E deu um exemplo: “Obviamente, quando Taiwan quer fazer uma relação comercial tem puxado, até de uma forma forçosa, a parte diplomática. Mas, Taiwan sabe que não tem condições favoráveis para forçar relações diplomáticas com qualquer Estado africano, tanto mais que neste momento China e Taiwan mantêm relações muito boas. Então, a Formosa contenta-se com relações comerciais, por exemplo, Taiwan tem relações comerciais com a África do Sul, muito embora África do Sul tenha relações diplomáticas com a China”.

O mesmo ponto de vista foi acolhido por Lourenço Sambo, diretor geral do Centro de Promoção de Investimentos (CPI) de Moçambique, que defende que o facto de Moçambique não manter relações diplomáticas com Taiwan não afeta as relações comerciais entre as duas partes.

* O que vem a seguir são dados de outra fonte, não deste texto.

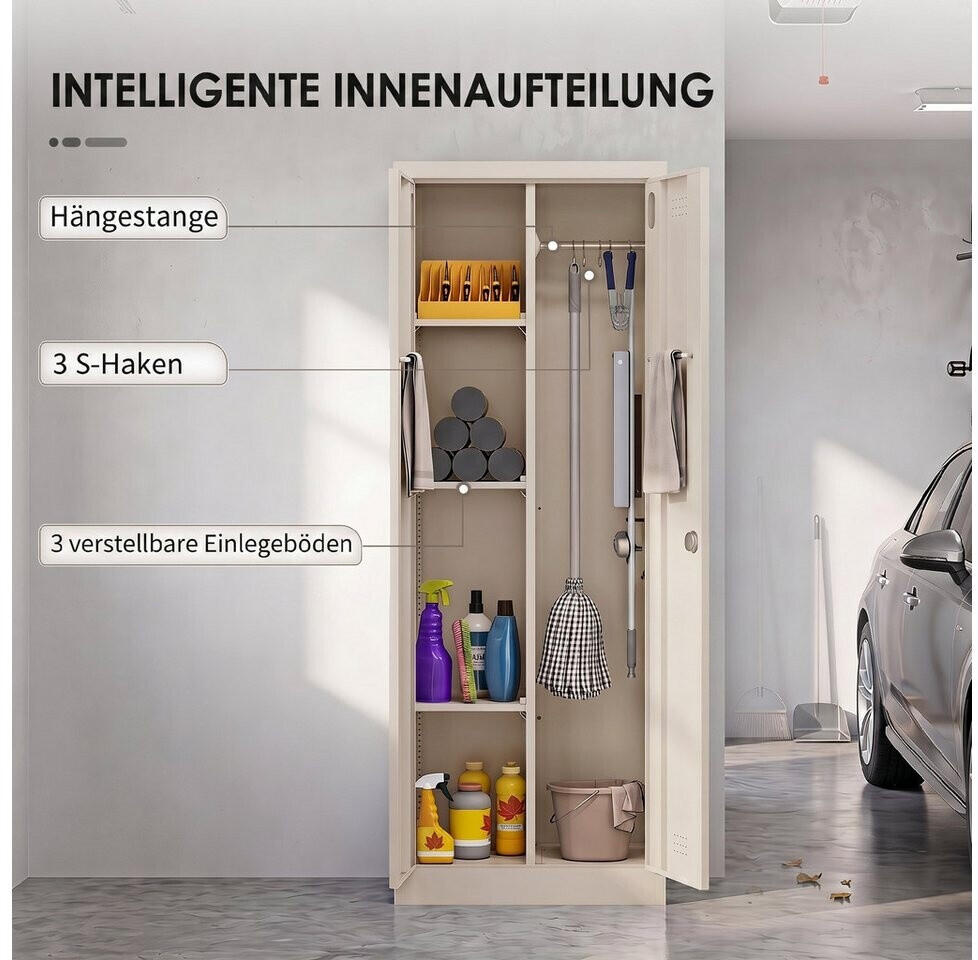 HomCom Mehrzweckschrank aus Stahl, cremeweiß, 60x40x165cm, mit Staubsaugerfach ab 156,99 € (Oktober 2026)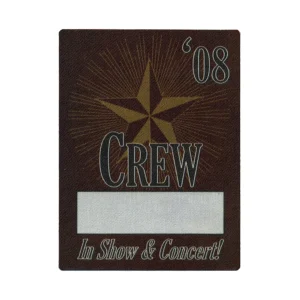 Bob Dylan 2008 Concert Tour Crew Backstage Pass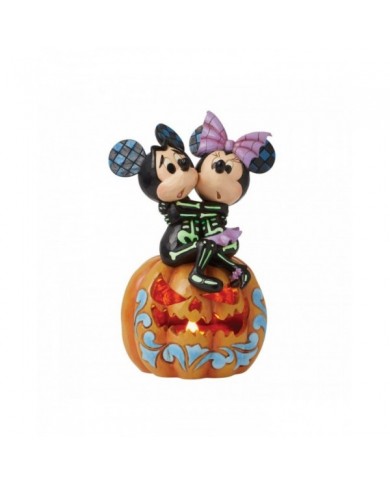 Disney Traditions - Figurine Citrouille LED Mickey et Minnie squelettes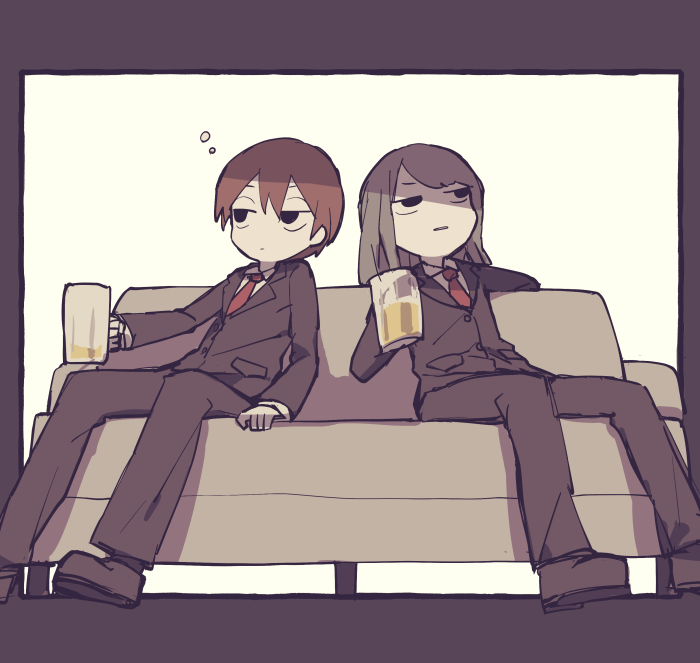 2others, beer_mug, black_eyes, black_jacket, black_pants, brown_hair, closed_mouth, collared_shirt, cup, employee_(lobotomy_corporation), grey_hair, holding, holding_cup, jacket, lobotomy_corporation, looking_to_the_side, makino_(727me727), mug, multiple_others, necktie, pants, parted_lips, project_moon, red_necktie, shirt, sitting, white_shirt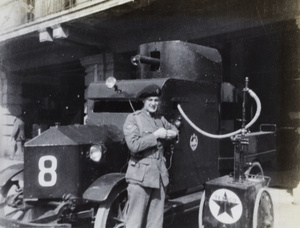 Eric Davies refuelling an armoured car from a mobile Texaco fuel dispenser, Shanghai, 1932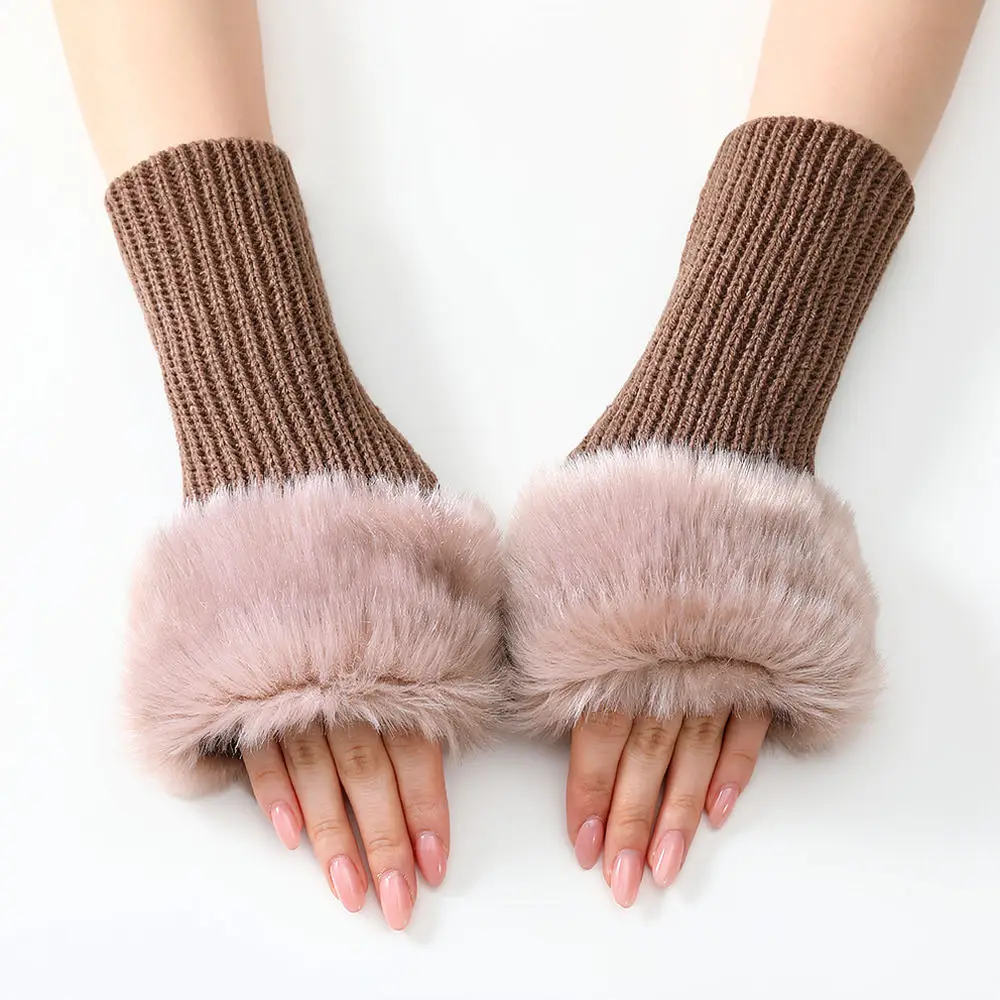 Fashion Winter Knitted Arm Warmers Striped Fingerless Gloves Plush Cuff Sleeves Outdoor Thermal Soft Hand Protector Accessory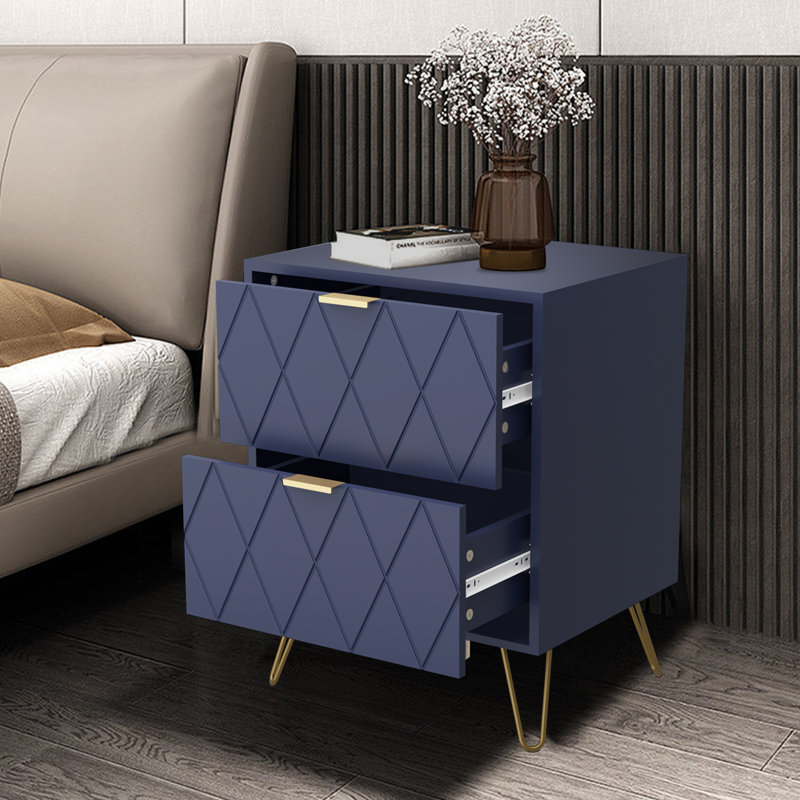 Marable 15.7'' W Nightstand, Navy Blue
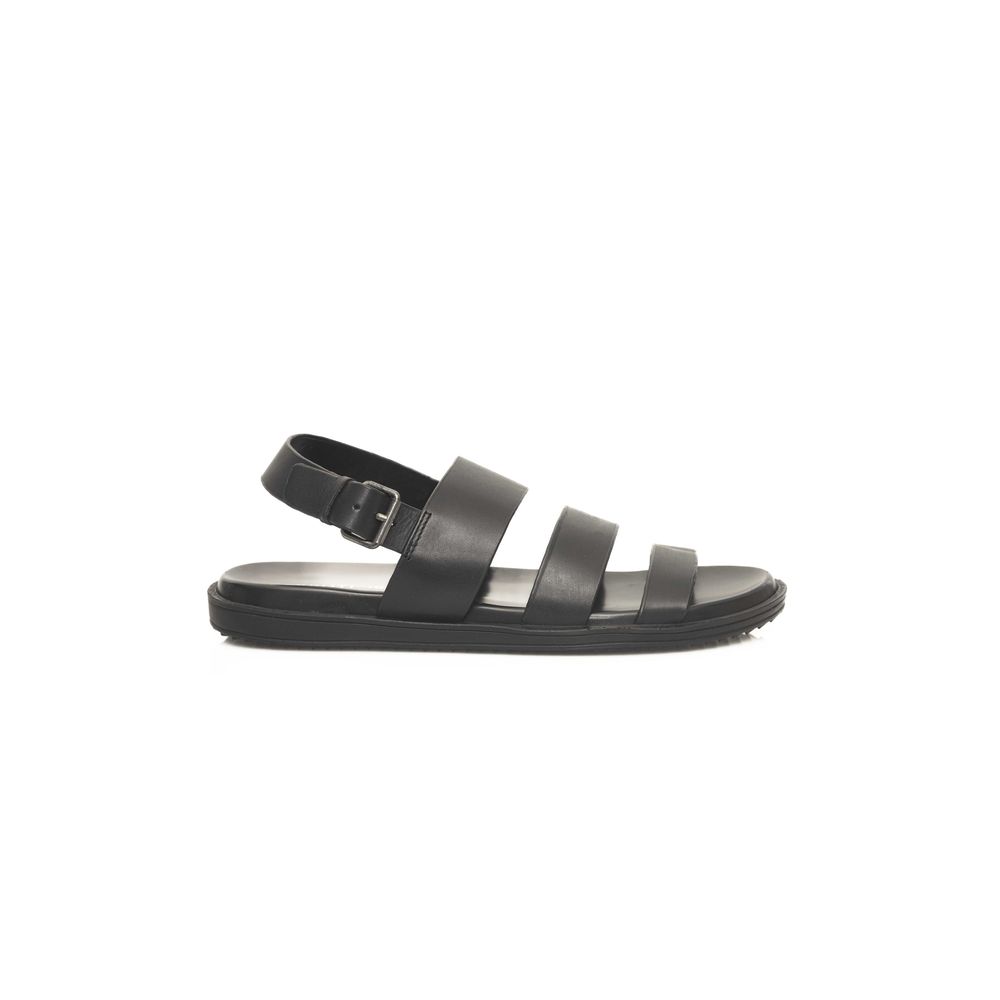 Black Cowhide Wide-Clamp Men's Sandals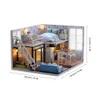 DIY Miniature Loft Dollhouse Kit LED Mini 3D Drewniane dekoracje domowe Akcesoria Pokój ręcznie robiony zabawki Walentynki Prezent Bożego Narodzenia 240314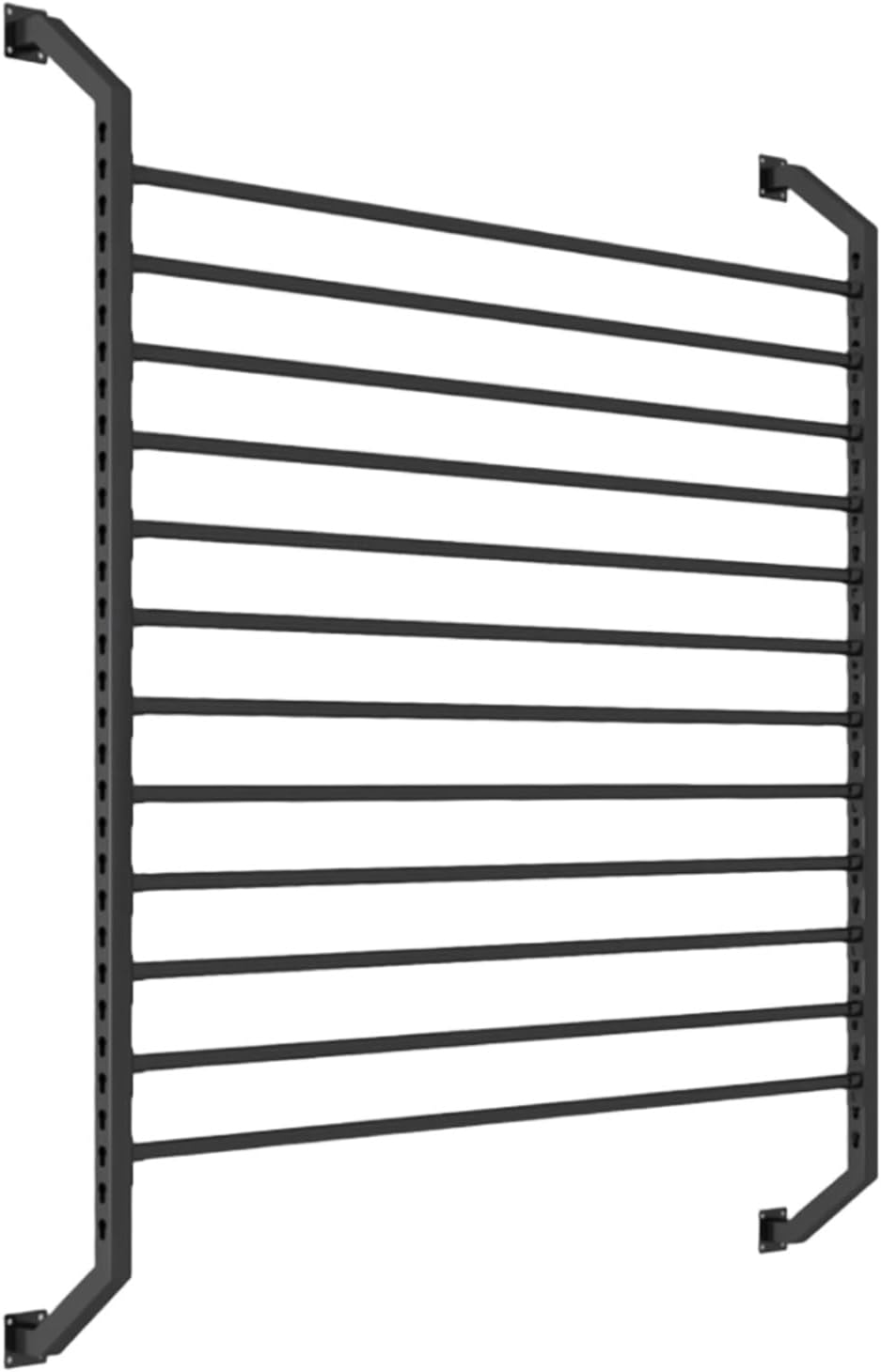 YVYKFZD Wall Mount Fabric Roll Storage Rack, Metal Vinyl Roll Rack Organizer Holder with 12 Adjustable Hanging Rod, Commercial Fabric Display Rack, for Car Window Film, Wallpaper, Banner(Black,H200cm/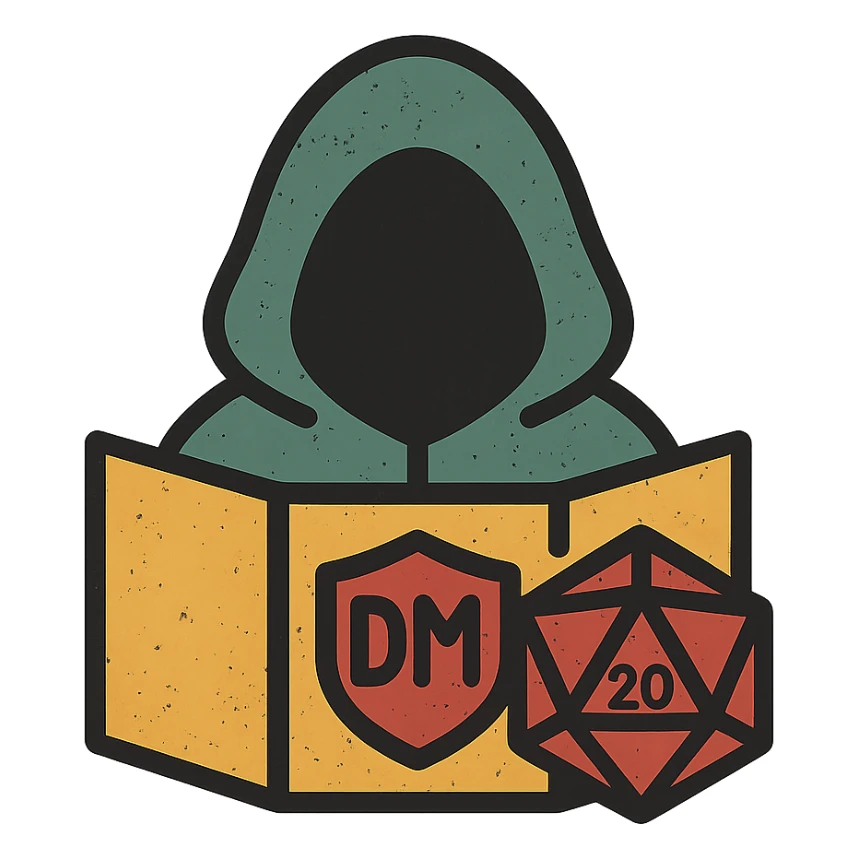 minimalist icon representing Dungeon Master for DnD TTRPGs with DM screen, dice, or hooded figure, worn distressed look sticker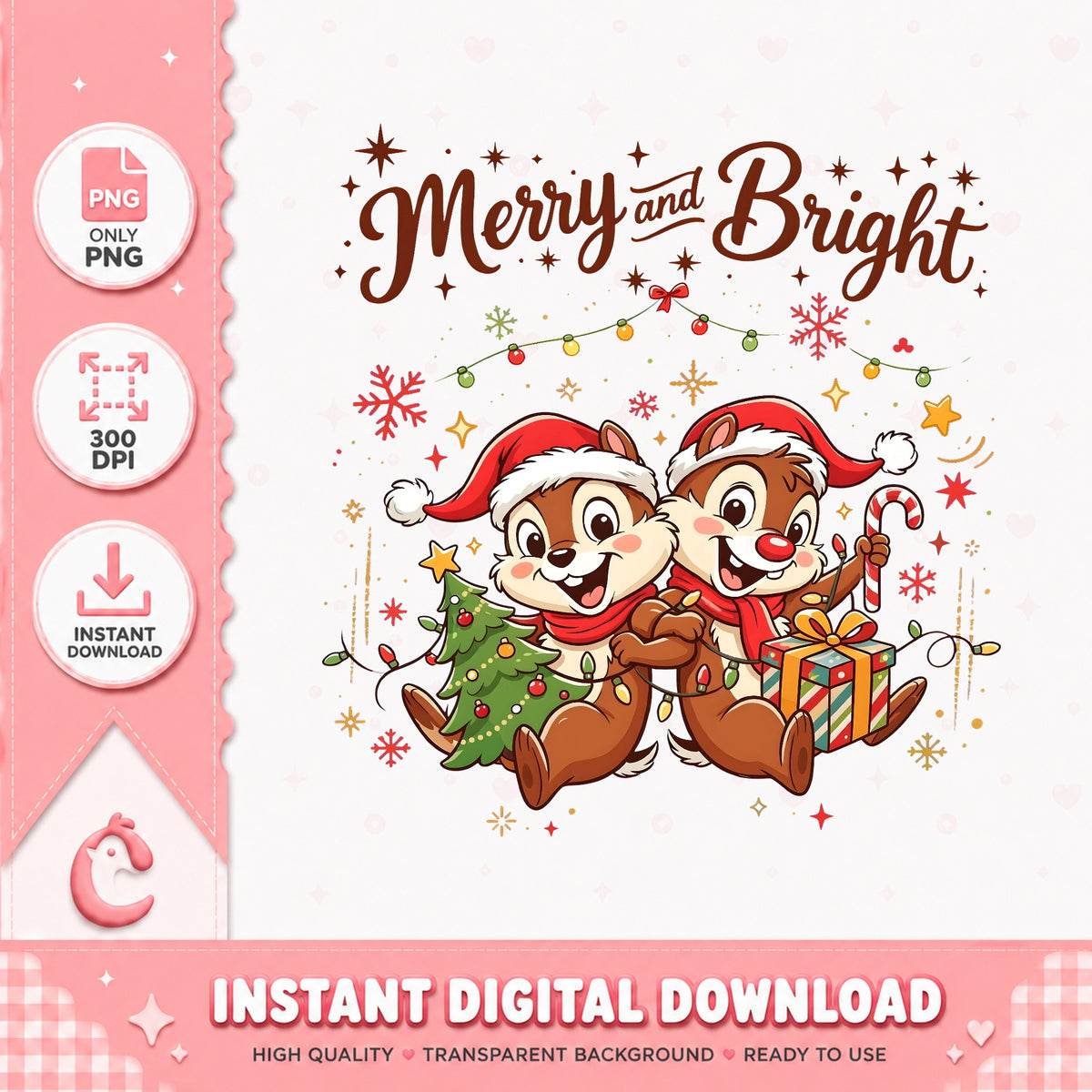 Chip And Dale Merry And Bright PNG, Chipmunk Xmas PNG, Santa PNG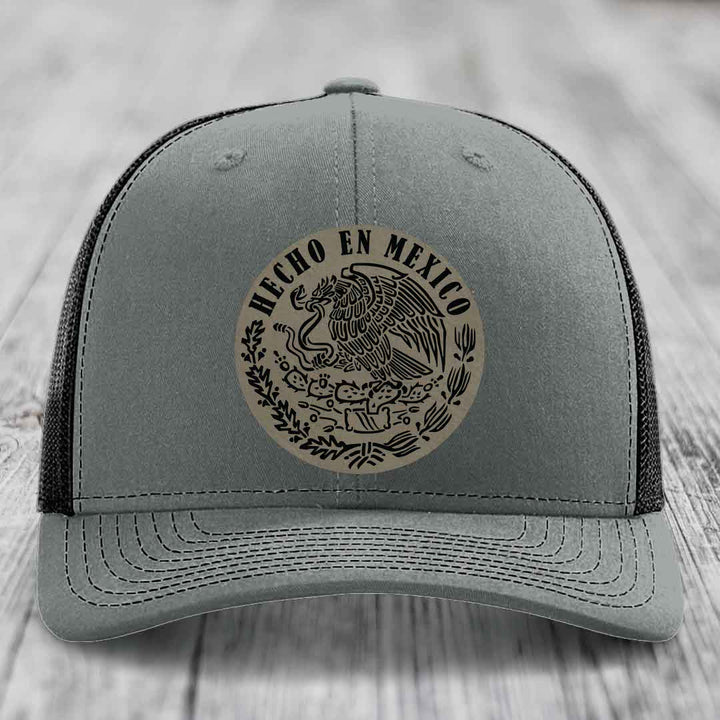 Hecho En Mexico - Leather Patch Hat - Light Brown to Black Patch - Richardson 112 Snapback Trucker Hat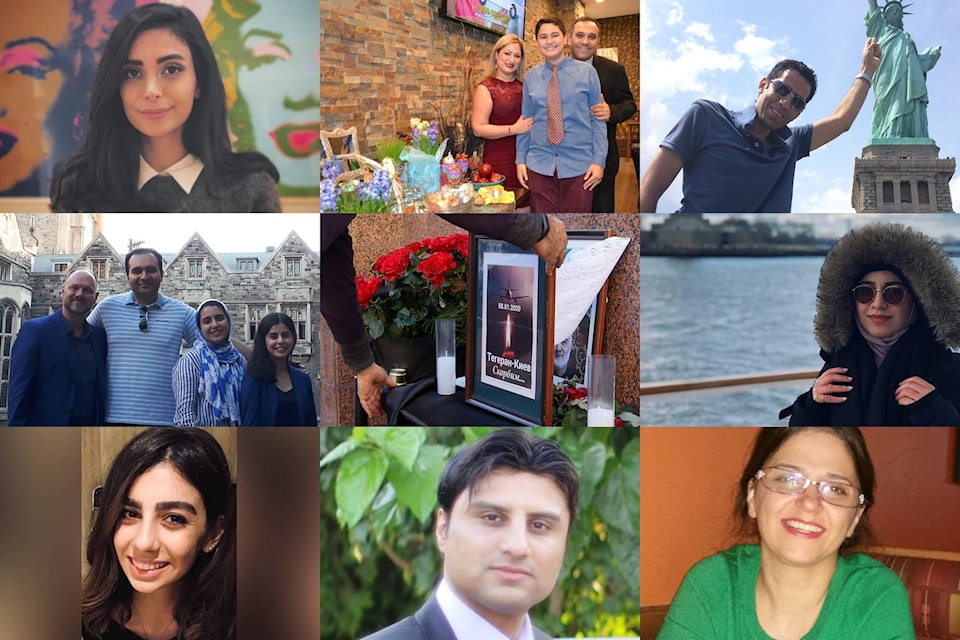 Clockwise from top left: Delaram Dadashnejad, Ardalan Evnoddin-Hamidi and Niloofar Razzaghi with son Hamyar Ebnoddin Hamidi, Mohammad Saket, Mohammad Asadi-Lari, Firouzeh Madani, Mehran Abtahi, Roja Omidbakhsh, and Zeynab Asadi-Lari. All 10 have been confirmed among the 176 passengers aboard a Ukrainian airplane killed in a crash in Iran in the early morning of Wednesday, Jan. 8, 2020. (Efteen)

“A nível geral, posso afirmar que existem relações comerciais entre moçambique e Taiwan, apesar de não existirem relações diplomáticas. Uma coisa é comércio, outra coisa totalmente diferente é política”, disse, ao Plataforma. “ É verdade que não existe nenhuma delegação comercial moçambicana em Taiwan, e muito menos uma delegação taiwanesa em Moçambique. O que existe são empresários taiwaneses que investem em Moçambique. Nós recebemos empresários do Taiwan sem problemas, por exemplo, agora vai um grupo de empresários moçambicanos para Taiwan interessados em investir na área do turismo, não há problema nenhum”, firmou Sambo.

 

APROVEITAR A SUAZILÂNDIA

Dino Foi considera que seria “fácil” incrementar as relações comerciais com os dois países, sob uma fórmula muito utilizada pela Formosa. “Taiwan tem um modelo de atuação muito interessante, que consiste na instalação de uma autoridade de exportação e importação, o que facilita o processo de interação comercial. Seria uma boa ideia para implementar em Moçambique”, defendeu, propondo a criação de uma câmara de comércio bilateral.

“Não precisaríamos, num primeiro momento, de uma intervenção do Estado moçambicano como tal. Mais tarde, poderia ser criada uma espécie de representação comercial que não precisa ser demasiadamente burocrática. Este seria um mecanismo para estabelecer relações comerciais” defendeu.

De acordo com o empresário moçambicano, numa primeira fase, a embaixada de Moçambique na vizinha Suazilândia, poderia ser importante pois as duas partes têm relações com esse reino da África Austral.

“A situação em que nos encontramos é complicada. Eu, até certo ponto, tenho jogado o papel de embaixador de Moçambique em Taiwan, mesmo sem credenciais do Estado moçambicano. Em Taiwan, ninguém faz um movimento a nível comercial ou diplomático com Moçambique sem me procurar, no entanto, é necessário que o Estado moçambicano comece a preocupar-se com isso. Neste exacto momento, por exemplo, eu estou a namorar um grupo de empresários taiwaneses dispostos a investir em Moçambique na área da agricultura, desde que haja abertura”, assegurou.